3-Birinci ve ikinci fıkrada sayılan illere bağlı ilçelerin mülki sınırları içerisinde yer alan köy ve belde belediyelerinin tüzel kişiliği kaldırılmış, köyler mahalle olarak, belediyeler ise belde ismiyle tek mahalle olarak bağlı bulundukları ilçenin belediyesine katılmıştır.
Aynı Kanunun Geçici 1. maddesinin 13. fıkrasında; "1. maddeye göre tüzel kişiliği kaldırılan belediye ve köylerin mahkemelerde süren davalarında katıldıkları ilçe belediyesi taraf olur" hükmü yer almaktadır.
Bu hüküm Kanunun "Yürürlük" başlıklı 36. maddesi uyarınca ilk mahalli idareler genel seçiminin yapıldığı 30.03.2014 tarihinde yürürlüğe girmiş bulunmaktadır.
Yukarıda açıklanan ilkeler ışığında somut olaya gelince; her ne kadar davacı şirket vekili, 14.02.2013 tarihli celsede davalı ... yönünden davadan feragat ettiklerini bildirmiş ise de, adı geçen davalının feragat tarihinden önce 28.07.2012 tarihinde öldüğü, ancak mahkemece yasal mirasçılarının davaya katılımı sağlanmaksızın yargılamaya devam edilerek ölü kişi hakkında hüküm kurulduğu anlaşılmıştır.
Bu durumda mahkemece, davalı ..."ın temin edilecek mirasçılık belgesine göre yasal mirasçılarının tespit edilerek davada yer almalarının sağlanması ve daha sonra işin esası hakkında bir hüküm kurulması gerekirken taraf teşkili sağlanmaksızın yazılı şekilde karar verilmesi doğru görülmemiştir.

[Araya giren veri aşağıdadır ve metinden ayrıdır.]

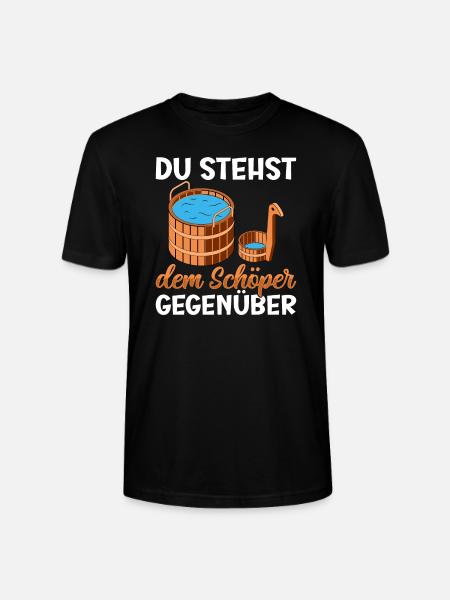Sauna - Stanley/Stella Unisex Bio-T-Shirt CRAFTER - Schwarz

Bunun yanısıra, davalı ... Köyünün 6360 sayılı Kanunun yukarıda belirtilen hükümleri gereğince tüzel kişiliği kaldırılarak mahalle olarak ... ilçesinin belediyesine katılması nedeniyle görülmekte olan davada taraf sıfatı kalmadığından ve katıldığı ilçe belediyesi davada taraf olacağından 6360 sayılı Kanunun Geçici 1. maddesinin 13. fıkrası gereğince işlem yapılması gerekirken bu husus gözardı edilmek suretiyle yazılı şekilde karar verilmesi de doğru görülmemiş, bu nedenlerle hükmün bozulması gerekmiştir.
SONUÇ: Yukarıda açıklanan nedenlerle temyiz olunan hükmün BOZULMASINA, bozma nedenine göre sair temyiz itirazlarının şimdilik incelenmesine yer olmadığına, peşin yatırılan harcın istek halinde yatırana iadesine, kararın tebliğinden itibaren 15 gün içinde karar düzeltme yolu açık olmak üzere, 26.12.2017 tarihinde oybirliği ile karar verildi.